ぞわっと背筋が凍るのがわかった。なら、なら彼はどうするつもりなんだ?彼はこの部屋に入ってこれないはずなのに、私は咄嗟に後ろへと下がる。確信は出来なかった、彼がこちらに来れるということを。
だからだろうか、そのとき反射的に襖に近づいて開けようとする襖を必死で抑えた。開かない。開かないはずなのに、開きそうで怖かった。
そして何よりも鶴丸が怖かった。
ここを開けてしまえば、確実に私は現世へと帰れない気がしたからだ。


「おいおい、そんなに必死になってどうしたんだ?俺がこの襖を開けられるわけがないだろう?それともなんだ、開けてくれるのか?なあ?」
襖にグッと力が掛かったのがわかった。
部屋の周りの結界が壊れたということは、部屋に張ってある結界も下手すれば破れる可能性がある。今の彼には。

手入れをしたのがいけなかった?そんな風には思わないけれど、元々の彼の神気よりももっと他の何かがこの結界を壊そうとしている。


「貴方は、一体何を…考えているんですか?!」

「君こそ何をしようとしている?まさか、君までこの本丸を出て行くつもりなんかじゃないよな?俺たちを置いて、出て行くつもりなのか?」
質問を質問で返されたことに憤りを覚えると共に的確に差されて思わず肩が跳ね上がった。


「させない…させないぞ。君だけは絶対に…」
ぼそりと呟いて開けようとしていた力がいきなりスッと抜けた。

「君は俺が何を考えているか、そう言ったな?そうだな…俺達がその気になれば君を強制的にこの本丸の主にさせ、俺達と契りを結ぶ事が出来るということを…肝に銘じておけ」
そんな恐ろしい言葉を残し、ここから去っていったのか、気配は消えた。


「強制的に…契を結ぶ…」
それはきっと神にとっては禁じられた行為。

それをその気になれば出来ると言うのだから恐ろしかった。あの鶴丸が、そんなことを。
いや、違う。私が知らなかっただけだ。あの…なんて私が言えたことじゃない。私は彼らのことを何一つ知らなかっただけで、元からあったものなのかもしれない。
手が震えた。鶴丸が目の前に居て襖を開けようとしているわけでもないのに、未だに襖に手を掛けた手を外せず、小刻みに震えて力が出なかった。彼がわざわざ私にそれを伝えたのは警告か、それとも…情けか。
これが罰なのだろうか、私達姉妹に与えられた神々からの罰。

結局寝るにも寝れず、ずっと布団の中で震えて夜を超えた。その間にも何人かがこちらの様子を伺っている気配が感じられ、緊張感も溶けず、寧ろ悪化していく限りで胃がキリキリを体を苦しめた。


三日月。

ある男が浮かび上がった。

あの男は前からわかっていた。私に力があることを。それでいて、何も言わなかったのは何故なのかわからない。

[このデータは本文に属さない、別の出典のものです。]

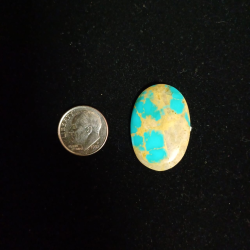 Nevada Turquoise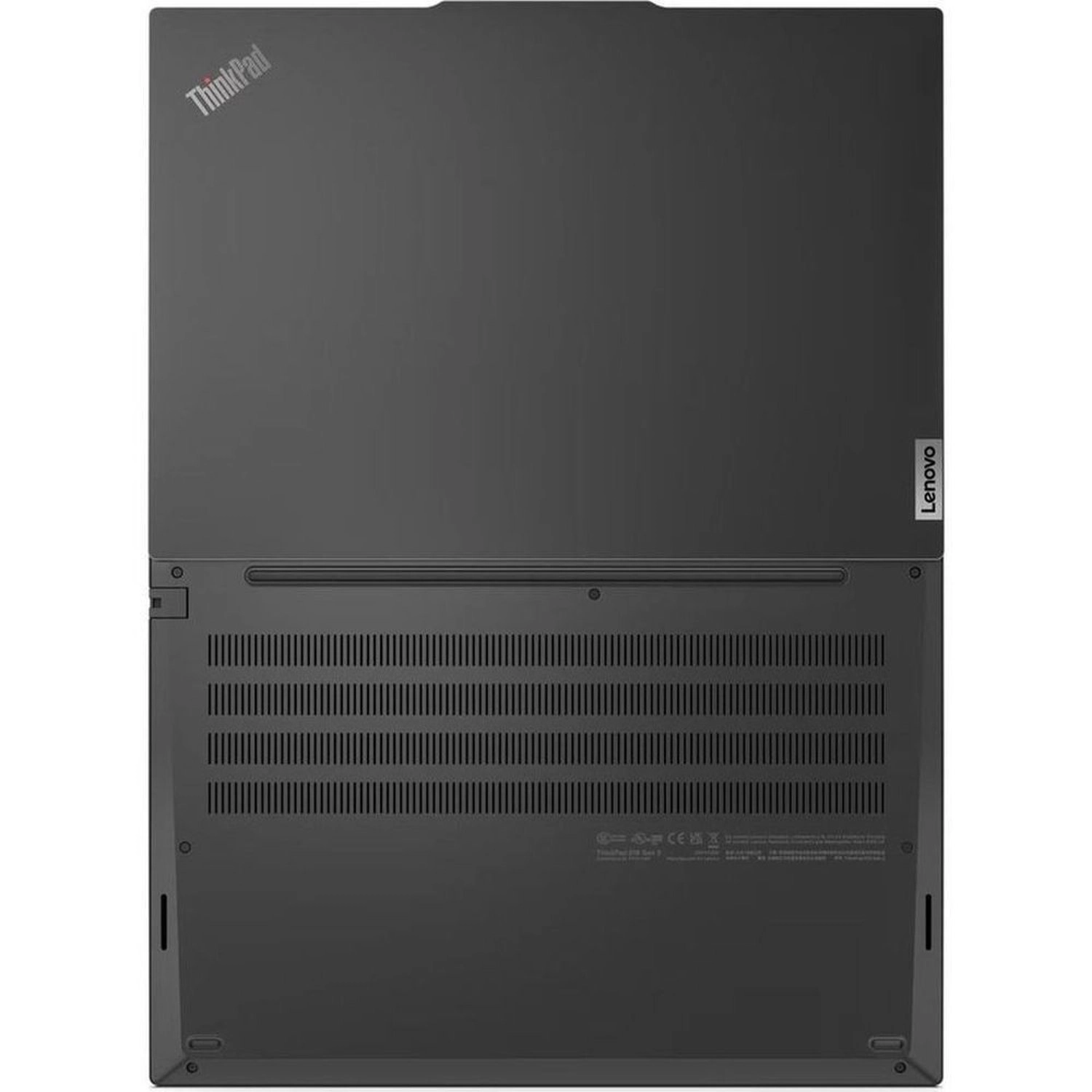 ThinkPad E16 Gen 2 21MA001EGR - 16'' Core Ultra 5-125U 16GB DDR5 512GB SSD + LB310 Headset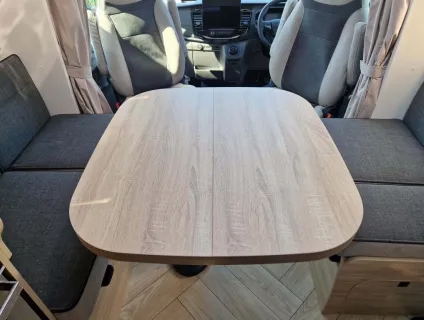 Chausson Etape Line 788 2025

三日月の瞳が怖かったのを覚えている。姉に突っ込んでいったあの日、三日月だけがこちらをずっと目を離さず見ていて、その口には笑みを浮かべていたような気がした。気がしただけで確証は無いけれど、私は三日月が苦手だ。近寄りがたく、周りと纏う雰囲気が違う。鶴丸もそんな雰囲気を漂わせ始めて、神様のはずなのに…神聖な存在であるはずなのに、何故か背後には邪気が憑いているようなそんな感じがしたのだ。だから襖が開きかけたのかもしれない。神気の他にも邪気が纏わりついて結界を壊そうとしたのかもしれない。

だからだろうか、私はここから逃げることだけを考えていたせいかある重大なことを忘れていることに気付けなかったのだ。